Top 1 Million Analysis - September 2019

Yes, it's that time of year again and the last 6+ months have flown by. Time for a look at the state of security in the Top 1 Million sites on the web! Here are the results, updates, trends and analysis for the progress we've made over the last 6 months.



But first an update

It's worth pointing this out right up front as it's pretty important. The data source for the Top 1 Million sites has changed. I used to use the Alexa Top 1 Million for this research but I've been having issues with the list. They tried to remove access at one point and while I managed to have it restored, there are other issues too.

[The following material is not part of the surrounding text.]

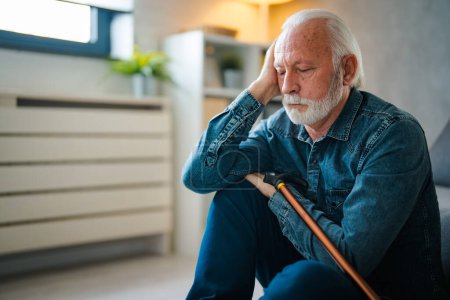 Photo for Sadness senior man with disabled stick sitting on floor near sofa at home - Royalty Free Image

The accuracy of the data has been called into question and also the list itself has been having weird issues recently like not returning 1 million entries... Yep, that's right, the Alexa Top 1 Million list has been returning, in some cases, only ~650,000 entries recently, which is of course a problem. You can still access the list for now, here's the link, but generally speaking I've just not been happy with the source of data, so I changed it. I've swapped it out for the Tranco Top 1 Million and you can read all about it on their site, but it's a much more reliable source. The list takes the same format so it's a drop in replacement for the Alexa list and accessed via a similar URL too. You can download the last copy of the Tranco list here and this scan is based on the 13th September list.


The crawl

As always, the data for this scan is taken from Crawler.Ninja and it's all available, in raw form too, over on that site. This is now the 9th report I've done on the Top 1 Million sites over 5 years!



September 2019

I am a little late on this report so it's a September report instead of August as usual, but I just wasn't happy with the Alexa data and wanted to give the Tranco list a little time to test it out. With that in mind, there is an alteration in the data source so some of the trends may not be quite where they were because of that. With that said though, things look very familiar which is a great sign when using a different data source.



HTTPS

One thing we do see with the new crawler data is that the HTTPS metrics have actually dropped very slightly. Another thing that's clear is that it's also smoothed out the line and removed all of the 'noise' that had become apart in recent Alexa based scans. I've changed the line colour for the new HTTPS scan to red so it's more apparent here and you can see the same trend is still present too.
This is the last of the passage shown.